Exercise brief:
Output the full listing again without altering anything.

Given information:
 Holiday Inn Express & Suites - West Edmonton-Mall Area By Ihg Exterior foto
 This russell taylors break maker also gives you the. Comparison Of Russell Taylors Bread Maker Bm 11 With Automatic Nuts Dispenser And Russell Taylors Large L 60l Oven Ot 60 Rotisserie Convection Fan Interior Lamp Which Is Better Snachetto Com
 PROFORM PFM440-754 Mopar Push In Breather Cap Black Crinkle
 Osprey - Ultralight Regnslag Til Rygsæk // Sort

Result for this task:
 Holiday Inn Express & Suites - West Edmonton-Mall Area By Ihg Exterior foto
 This russell taylors break maker also gives you the. Comparison Of Russell Taylors Bread Maker Bm 11 With Automatic Nuts Dispenser And Russell Taylors Large L 60l Oven Ot 60 Rotisserie Convection Fan Interior Lamp Which Is Better Snachetto Com
 PROFORM PFM440-754 Mopar Push In Breather Cap Black Crinkle
 Osprey - Ultralight Regnslag Til Rygsæk // Sort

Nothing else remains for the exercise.